Abstract

This study aimed to quantitatively assess the quality of levator ani muscle (LAM) using shear wave elastography (SWE) and to evaluate the association between the elasticity of LAM and stress urinary incontinence (SUI). The study population included 32 women with SUI and 34 women with normal pelvic support. The thickness of LAM, bladder neck descent (BND), and urethral funneling (UF) were assessed by transperineal ultrasound. LAM elasticity was measured by SWE at rest and during the maximal Valsalva maneuver. Age, menopause, BND, and UF showed a positive correlation with SUI. There was no significant between-group difference in the elastic modulus values of LAM at rest. The thickness of LAM in women with SUI was greater than that in control group at rest and during the maximal Valsalva maneuver (P < 0.001).

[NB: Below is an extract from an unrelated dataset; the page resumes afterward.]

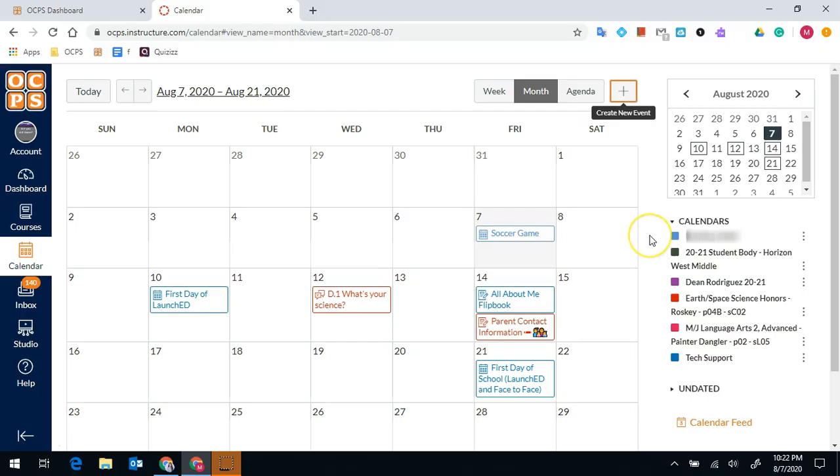You'll notice on the calendar that things are different colors. Each of the colors is associated with one of your classes.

The elastic modulus values of Emax and Emean were significantly increased from rest to the maximal Valsalva maneuver in all participants (56.24 vs 82.43kPa and 47.92 vs 72.37kPa, P < 0.001). The change of these variables from rest to the maximal Valsalva maneuver in the control group was more obvious than that in the SUI group (34.09 vs 17.87kPa and 31.55 vs 16.82kPa, P < 0.05). The elasticity of LAM, as quantified by SWE, may potentially be used as an index for predicting SUI.